Before start using NltkNet wrapper it is required to download and install latest IronPython binaries from official site. You will need IronPython standard libraries for NLTK, as well as installing NLTK library for IronPython. Also IronPython interpreter will be helpful to test python scripts interactively from Visual Studio or command line.
It is expectable that most developers already have experience with NLTK library using Python and looking for a way to use in C#. Guides in this section are mostly for a developers who just started learning NLP using NLTK and haven't much experience with Python.
There are different ways to install nltk library. If you have experience with using Python and installing packages then everything is clear here.
Corpus(plural corpora) or text corpus is a large and structured set of texts (nowadays usually electronically stored and processed). In corpus linguistics, they are used to do statistical analysis and hypothesis testing, checking occurrences or validating linguistic rules within a specific language territory.
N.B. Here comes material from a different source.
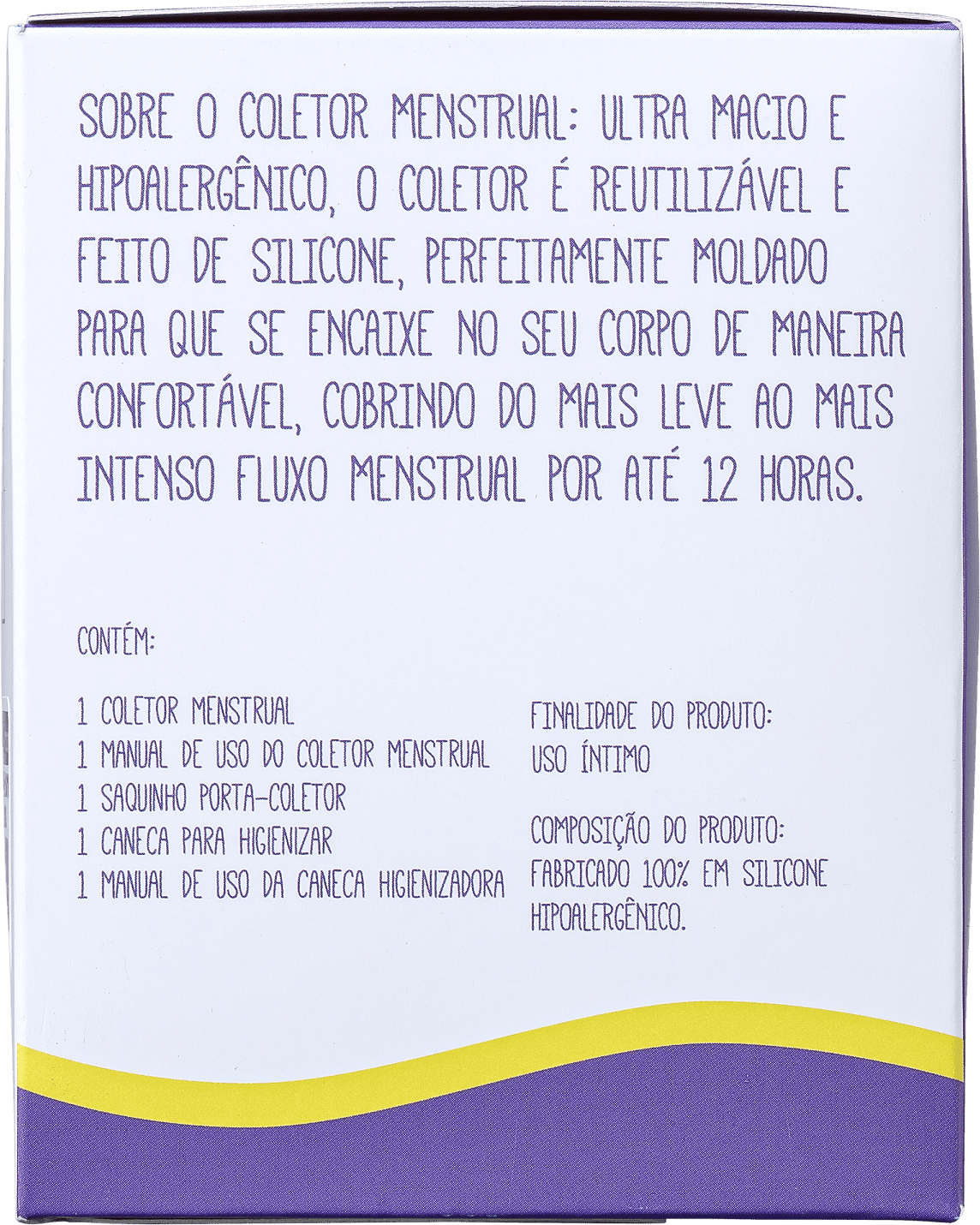 Kit Violeta Cup Tipo A Transparente (2 Produtos)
NLTK library contains lots of ready-to-use corpuses which usually stores as a set of text files. It will be useful to load certain corpus on studying NLP using NLTK library, instead of creating it from scratch.
If you're using NLTK library for learning NLP, download NLTK book related corpuses and linguistic data.
Use such script either from Visual Studio Python Interactive Window or Iron Python command line to do so:
import nltk
import nltk.corpus
nltk.download('book')
When whole third-party stuff is in-place then we are ready to test NltkNet. Install NltkNet nuget package using your usual way. For example from Package Manager Console by pasting:
Install-Package NltkNet
Use this code to initialize paths to IronPython standard and third-party libraries:
using System;
using System.Collections.Generic;
using System.IO;
using System.Linq;
using NltkNet;
namespace TestApp
{
class Program
{
static void Main(string[] args)
{
Nltk.Init(new List<string>
{
@"C:\IronPython27\Lib", // Path to IronPython standard libraries
@"C:\IronPython27\Lib\site-packages", // Path to IronPython third-party libraries
});
}
}
}
More practical samples
using System;
using System.Collections.Generic;
using System.Dynamic;
using System.IO;
using System.Linq;
using NltkNet;
namespace TestApp
{
class Program
{
static string text = "This IronPython script works fine when I run it by itself.";
private static void TestNltkResultClass()
{
var corpus = new Nltk.Corpus.Inaugural();
// example of using NltkResult class
var fileidsResult = corpus.FileIds();
// Get .NET List<string>
List<string> fileidsNet = fileidsResult.AsNet;
// Get IronPython.Runtime.List
IronPython.Runtime.List fileidsPython = fileidsResult.AsPython;
// Cast to Dynamic to access object fields in Python-like style
dynamic fileids = fileidsResult;
// using DynamicObject
Console.WriteLine(fileids[0]);
Console.WriteLine(fileids.__len__());
// access sentences (list of list of strings)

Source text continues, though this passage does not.